### TASK STATEMENT
The answer should be an exact repeat of the stretch of material below from the line containing "Fendi Mini Bicolor" through the line containing "Picasee fekete szilikon".

### RECORD EXCERPTS
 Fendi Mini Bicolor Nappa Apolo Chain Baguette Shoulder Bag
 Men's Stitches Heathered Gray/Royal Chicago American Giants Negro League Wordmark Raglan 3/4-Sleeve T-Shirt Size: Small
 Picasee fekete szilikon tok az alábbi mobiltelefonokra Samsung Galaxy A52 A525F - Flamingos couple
...
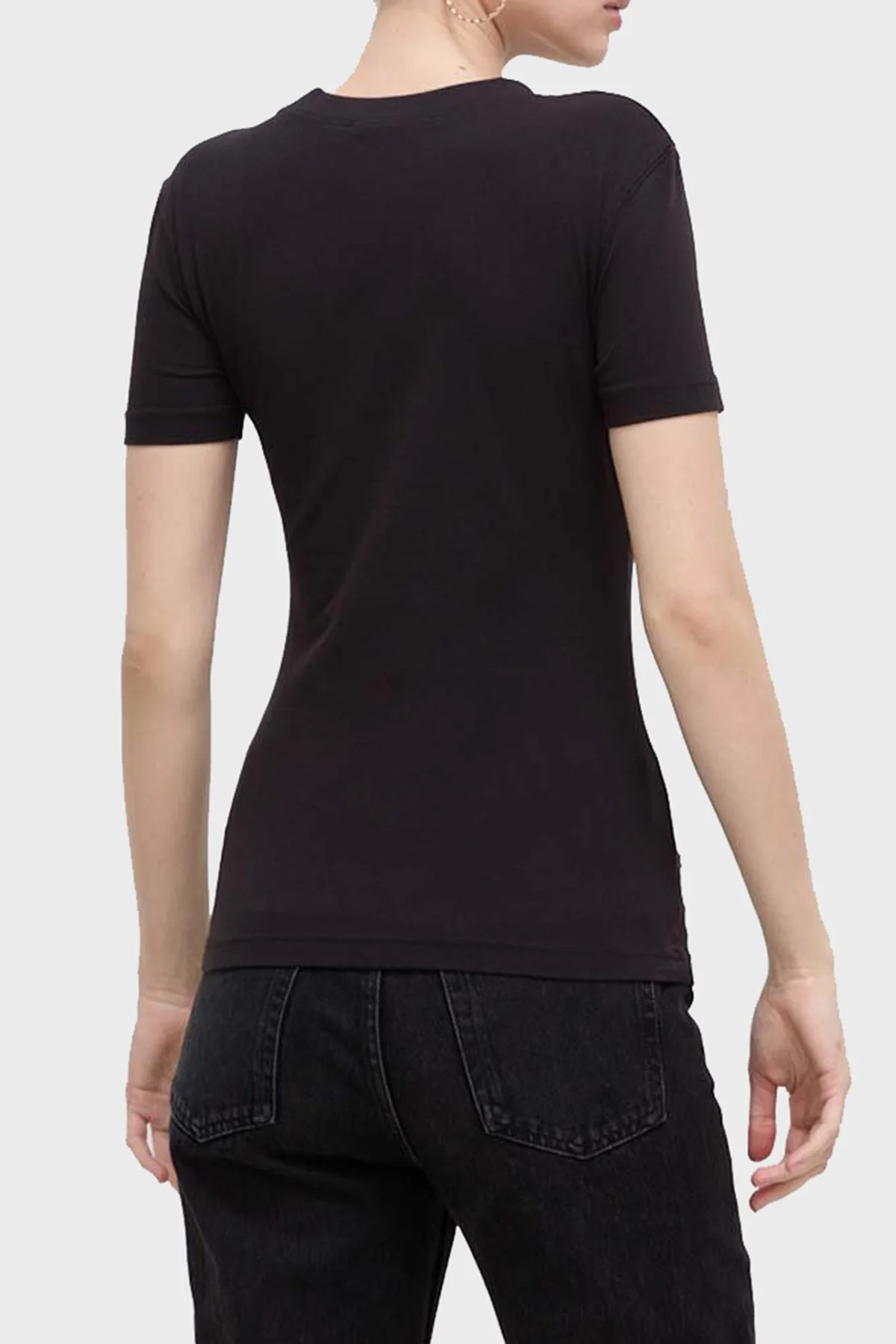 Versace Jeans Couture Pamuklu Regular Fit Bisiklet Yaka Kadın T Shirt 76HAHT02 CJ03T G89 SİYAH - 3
--
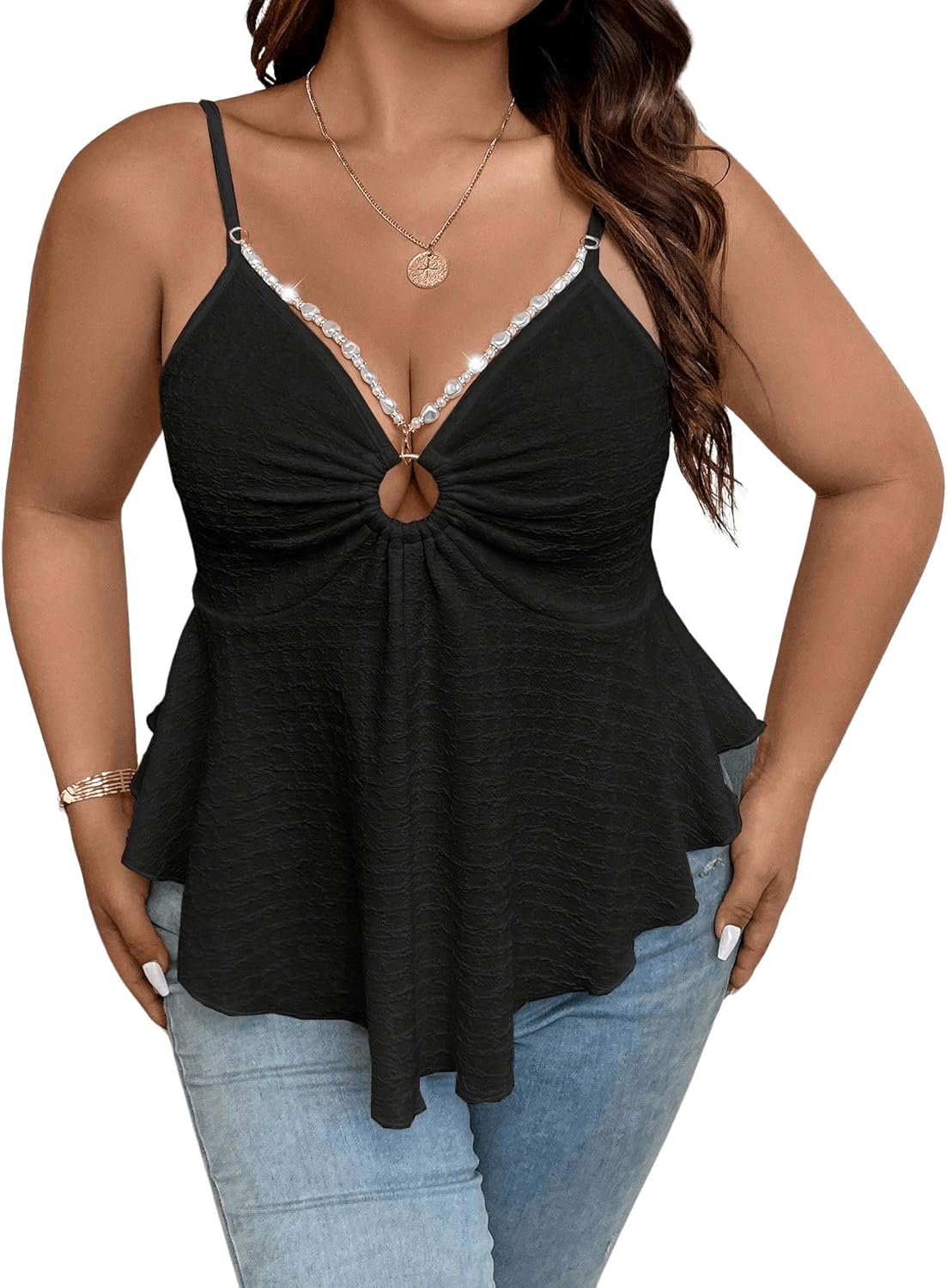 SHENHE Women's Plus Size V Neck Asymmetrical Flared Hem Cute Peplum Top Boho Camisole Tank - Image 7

### ANSWER TO THIS TASK
 Fendi Mini Bicolor Nappa Apolo Chain Baguette Shoulder Bag
 Men's Stitches Heathered Gray/Royal Chicago American Giants Negro League Wordmark Raglan 3/4-Sleeve T-Shirt Size: Small
 Picasee fekete szilikon tok az alábbi mobiltelefonokra Samsung Galaxy A52 A525F - Flamingos couple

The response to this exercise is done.